29 February 2012, Sweetcrude, HOUSTON – Saudi Arabia earned a total of $273.2 billion as revenues from oil and natural gas liquids in 2011, according to a report from the Centre for Global Energy Studies (CGES).

With a surge in the Organisation of Petroleum Exporting Countries (OPEC) basket price to an all-time high of $107/bbl, the report said, the Saudi government in 2011 also realised a budget surplus of almost $82 billion.

This surplus, Saudi Arabia’s second-highest ever in nominal terms, occurred in spite of a $59 billion increase in Saudi fiscal spending resulting from the government’s largesse to attempt to acquiesce its citizens after popular uprisings elsewhere in the Arab world.

CGES said it had predicted a surplus of $55 billion for Saudi Arabia because it was convinced the government’s assumed oil price of $58/bbl for 2011 was far too conservative. CGES instead assumed $100/bbl but was surprised when the OPEC basket price averaged $107/bbl.

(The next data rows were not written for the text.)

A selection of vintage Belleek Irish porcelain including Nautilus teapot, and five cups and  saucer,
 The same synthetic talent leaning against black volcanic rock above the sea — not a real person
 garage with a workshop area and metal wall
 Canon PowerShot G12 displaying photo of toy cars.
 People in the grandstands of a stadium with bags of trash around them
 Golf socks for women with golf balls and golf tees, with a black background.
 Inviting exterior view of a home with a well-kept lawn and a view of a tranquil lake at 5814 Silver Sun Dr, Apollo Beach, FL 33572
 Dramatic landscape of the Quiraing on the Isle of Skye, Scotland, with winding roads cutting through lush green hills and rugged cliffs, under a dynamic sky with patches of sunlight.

Also, the London-based analysts had assumed that Saudi oil production would average 9.13 million b/d last year, whereas the outcome was 9.36 million b/d because of the kingdom’s belated output increase to compensate for the loss of Libyan production.

Besides the $273.2 billion revenues from oil and natural gas liquids, the kingdom’s revenues from nonoil activities and investment income in 2011 were $22.8 billion, resulting in $152 billion in excess of its own annual budgeted revenues.